Technical overview
| David Dotson
| Overall architecture - High level details DD – JC – Advantages of colocation would be that Chodera lab could cover hosting expenses for OpenFF (both technical and personnel). JC – I’d like to share as much as possible with OpenFE - Molecule transformations, network mapping, etc. JC – Can make data available on AWS for redownload, for people to download at their own discretion DD – Could save data on AWS S3. Different tiers of speeds/schedules, could be accessed by a public URI. DD – Interested in getting output spec information from OpenFE.

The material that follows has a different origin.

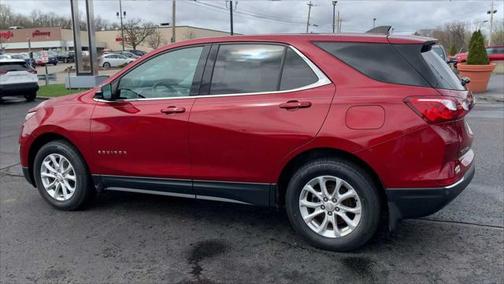2019 Chevrolet Equinox 1LT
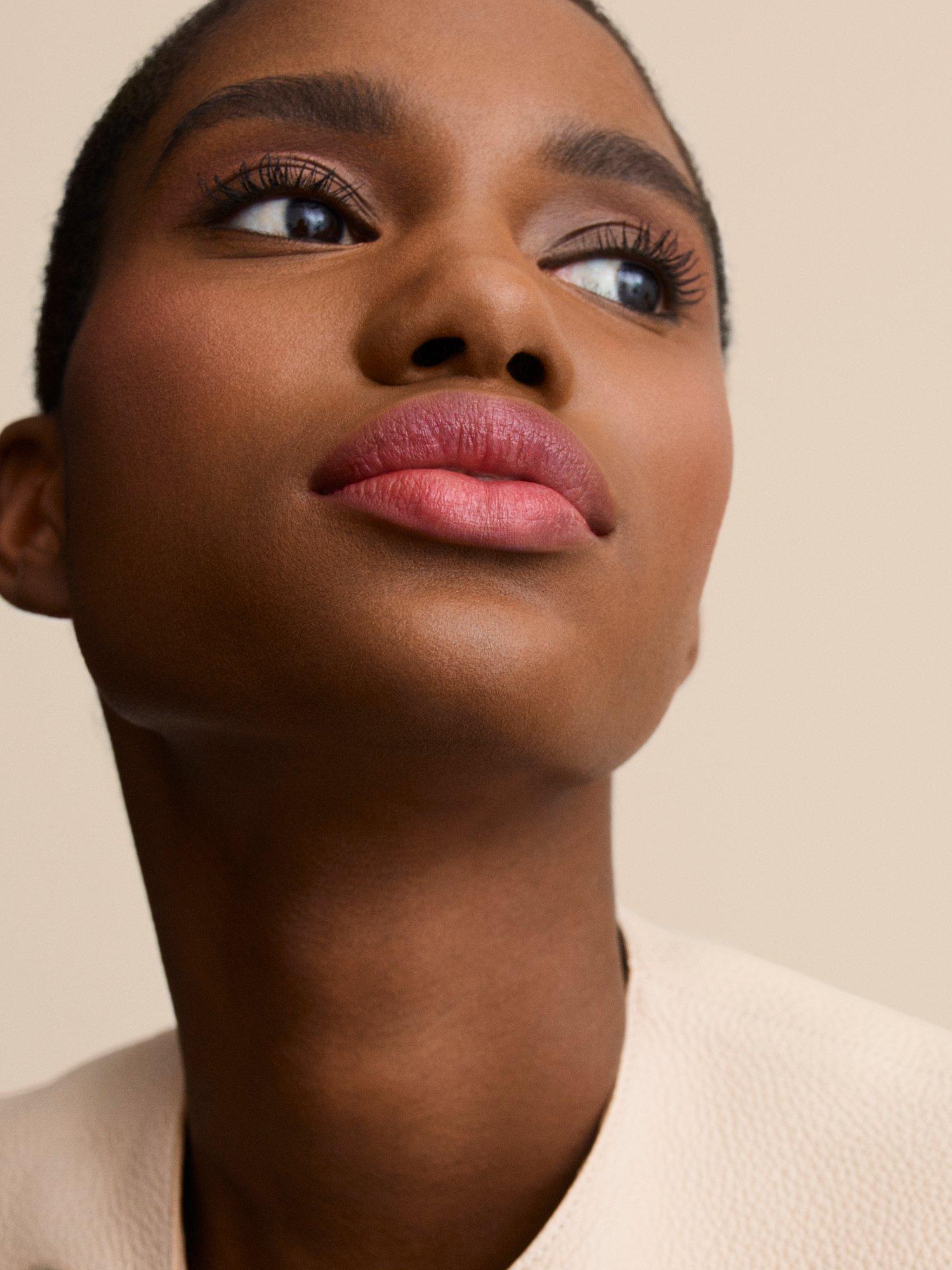 Product image 9 of 11, which shows Hermès Rose Hermès Rosy Lip Enhancer, 27 Rose Confetti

JC – What’s missing here is info about how inputs are specified. JW – how do we avoid versioning hell on the stuff inside the green box? JC – First thing to standardize what goes in and out of the green box. Could freeze an env JW – how do you do this where there aren’t any automation details for free energy calculations in the green box? JC – what you get is a person doing all the work of generating inputs, which manifests as a slow and expensive feedback loop we want to be able to make iterations fast and cheap; this is scalability being able to get information about failures is key for FF development / drug discovery / advancing the free energy calculation infrastructure
JC – would like us to come up with inputs that are a starting point, then we can iterate on them to build out downstream components
Current plans/functionality JC – ideally we are in a position where in 3-6 months we have a functional green box that supports one engine JW – would like to see free energy benchmarking results, want things to be reproducible and isolatable network planner, system generator, etc.; need to be able to keep everything constant except one component, etc., ability to run locally with only suspected problem inputs
JW – do we get to specify which version of Gromacs / OpenMM we want to run on client machine? JC – to some extent, yes; within a few recent releases can specify core versions JC – public benchmarking data will be the only way for OpenFE to identify failures; won’t be able to operate on proprietary data
JW – how do we want visibility into errors; how do we delete or invalidate previous errors? are we planning on having the ability to delete? JC – We’ve definitely needed to trash datasets/results before. JC – It’s become helpful to be able to pause or delete individual runs/edges. JC – an adaptive supervisory process is possible later on that can add or delete edges in a network graph and propagate those changes into the work server JW – Generally agree. This could become complex so I’d be flexible on this
Collect use cases/user stories DD – Let’s populate the issue tracker of the following repo: issue tracker JS – How black-box/agnostic would this be? JW – I think JS may have multiple individual requests - Things like “make the inputs agnostic enough to take host and guest systems” and “allow people to use pAPRika as a workflow component” JS – Could this run forcebalance optimizaitons internally? JW – I don’t think so, but this could be a backend for optimizations if we engineer it right. DD – Understanding your use case, as well as the involvement of forcebalance in it, will allow us to ensure that we are including the information you need in outputs to use it productively.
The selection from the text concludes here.